The ATR (ataxia telangiectasia mutated and Rad3-related) kinase plays important roles in the S phase and during the DNA damage response to safeguard genome integrity. Kabeche et al. identified a distinct ATR activation pathway in mitosis that is also critical for suppressing genome instability (see the Perspective by Saldivar and Cimprich). ATR is recruited by Aurora A and activated by R loops at centromeres of mitotic chromosomes; this leads to Aurora B activation, which is necessary for accurate chromosome segregation.
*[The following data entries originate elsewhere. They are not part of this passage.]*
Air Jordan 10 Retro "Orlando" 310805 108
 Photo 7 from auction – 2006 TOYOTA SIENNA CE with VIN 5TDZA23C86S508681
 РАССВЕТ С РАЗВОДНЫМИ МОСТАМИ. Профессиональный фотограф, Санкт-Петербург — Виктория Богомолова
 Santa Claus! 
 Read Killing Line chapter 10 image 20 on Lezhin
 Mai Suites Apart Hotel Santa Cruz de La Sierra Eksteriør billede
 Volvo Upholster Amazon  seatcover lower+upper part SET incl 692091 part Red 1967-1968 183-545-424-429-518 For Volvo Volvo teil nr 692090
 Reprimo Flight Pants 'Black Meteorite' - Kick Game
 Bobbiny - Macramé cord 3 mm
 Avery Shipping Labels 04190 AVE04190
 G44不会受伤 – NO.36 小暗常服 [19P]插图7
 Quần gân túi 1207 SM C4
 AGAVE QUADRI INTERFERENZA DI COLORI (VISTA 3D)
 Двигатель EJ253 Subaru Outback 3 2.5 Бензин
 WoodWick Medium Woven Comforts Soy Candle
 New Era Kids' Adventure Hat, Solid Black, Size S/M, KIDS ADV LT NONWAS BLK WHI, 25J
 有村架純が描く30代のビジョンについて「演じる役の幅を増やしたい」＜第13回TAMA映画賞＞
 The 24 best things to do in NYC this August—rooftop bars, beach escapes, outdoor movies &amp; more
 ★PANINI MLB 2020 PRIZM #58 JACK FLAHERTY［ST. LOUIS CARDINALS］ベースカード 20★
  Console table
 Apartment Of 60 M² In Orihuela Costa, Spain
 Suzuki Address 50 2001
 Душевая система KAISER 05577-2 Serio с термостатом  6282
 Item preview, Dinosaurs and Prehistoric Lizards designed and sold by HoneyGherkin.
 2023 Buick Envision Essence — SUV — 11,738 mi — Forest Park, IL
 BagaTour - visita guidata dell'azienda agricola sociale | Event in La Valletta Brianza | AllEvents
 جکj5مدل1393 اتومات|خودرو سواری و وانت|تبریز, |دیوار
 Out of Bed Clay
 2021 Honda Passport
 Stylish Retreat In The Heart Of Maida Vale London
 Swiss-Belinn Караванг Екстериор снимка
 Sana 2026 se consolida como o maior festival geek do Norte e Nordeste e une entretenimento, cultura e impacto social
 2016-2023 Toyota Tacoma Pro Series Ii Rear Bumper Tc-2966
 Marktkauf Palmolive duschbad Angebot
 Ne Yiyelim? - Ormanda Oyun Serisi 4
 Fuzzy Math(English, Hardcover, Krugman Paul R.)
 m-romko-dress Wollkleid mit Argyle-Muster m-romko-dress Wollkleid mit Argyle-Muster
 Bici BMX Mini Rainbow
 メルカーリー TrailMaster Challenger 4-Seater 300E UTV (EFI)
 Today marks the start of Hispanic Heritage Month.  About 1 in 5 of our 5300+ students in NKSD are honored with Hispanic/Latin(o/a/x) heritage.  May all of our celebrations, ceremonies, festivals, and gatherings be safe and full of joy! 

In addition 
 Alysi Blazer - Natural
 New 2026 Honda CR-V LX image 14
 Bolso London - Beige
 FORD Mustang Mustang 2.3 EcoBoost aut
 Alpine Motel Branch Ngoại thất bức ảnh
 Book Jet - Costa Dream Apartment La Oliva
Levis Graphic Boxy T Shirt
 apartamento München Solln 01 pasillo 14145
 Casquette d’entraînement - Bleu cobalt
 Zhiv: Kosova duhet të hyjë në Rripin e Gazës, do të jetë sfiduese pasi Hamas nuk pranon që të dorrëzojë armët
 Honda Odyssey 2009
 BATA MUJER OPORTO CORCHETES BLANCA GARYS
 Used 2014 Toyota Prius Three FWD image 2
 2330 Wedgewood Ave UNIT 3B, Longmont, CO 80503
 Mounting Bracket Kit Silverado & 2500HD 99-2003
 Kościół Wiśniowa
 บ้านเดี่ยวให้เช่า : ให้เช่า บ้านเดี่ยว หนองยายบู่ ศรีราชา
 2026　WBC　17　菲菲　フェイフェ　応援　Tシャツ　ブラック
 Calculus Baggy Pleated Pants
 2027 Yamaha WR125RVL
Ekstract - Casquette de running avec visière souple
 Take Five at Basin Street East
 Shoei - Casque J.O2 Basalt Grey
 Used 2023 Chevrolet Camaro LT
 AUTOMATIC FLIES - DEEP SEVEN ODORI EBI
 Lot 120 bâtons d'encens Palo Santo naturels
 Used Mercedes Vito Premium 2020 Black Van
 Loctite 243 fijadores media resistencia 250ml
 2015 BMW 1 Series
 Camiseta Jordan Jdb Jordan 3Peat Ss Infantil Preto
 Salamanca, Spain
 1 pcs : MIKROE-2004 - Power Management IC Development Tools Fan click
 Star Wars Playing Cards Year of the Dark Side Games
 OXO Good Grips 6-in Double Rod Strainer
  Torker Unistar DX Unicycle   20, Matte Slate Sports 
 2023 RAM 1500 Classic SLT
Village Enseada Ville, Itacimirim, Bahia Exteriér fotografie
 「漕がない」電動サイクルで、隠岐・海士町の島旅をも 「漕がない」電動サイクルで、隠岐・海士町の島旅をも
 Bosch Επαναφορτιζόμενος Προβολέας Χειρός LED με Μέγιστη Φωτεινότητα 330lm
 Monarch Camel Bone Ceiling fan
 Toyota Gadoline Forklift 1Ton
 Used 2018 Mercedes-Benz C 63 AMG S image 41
This mitotic, R loop–driven ATR signaling pathway could potentially be exploited in the search for cancer therapeutics.

Science, this issue p. 108; see also p. 30

Abstract

The ataxia telangiectasia mutated and Rad3-related (ATR) kinase is crucial for DNA damage and replication stress responses. Here, we describe an unexpected role of ATR in mitosis. Acute inhibition or degradation of ATR in mitosis induces whole-chromosome missegregation. The effect of ATR ablation is not due to altered cyclin-dependent kinase 1 (CDK1) activity, DNA damage responses, or unscheduled DNA synthesis but to loss of an ATR function at centromeres. In mitosis, ATR localizes to centromeres through Aurora A–regulated association with centromere protein F (CENP-F), allowing ATR to engage replication protein A (RPA)–coated centromeric R loops. As ATR is activated at centromeres, it stimulates Aurora B through Chk1, preventing formation of lagging chromosomes. Thus, a mitosis-specific and R loop–driven ATR pathway acts at centromeres to promote faithful chromosome segregation, revealing functions of R loops and ATR in suppressing chromosome instability.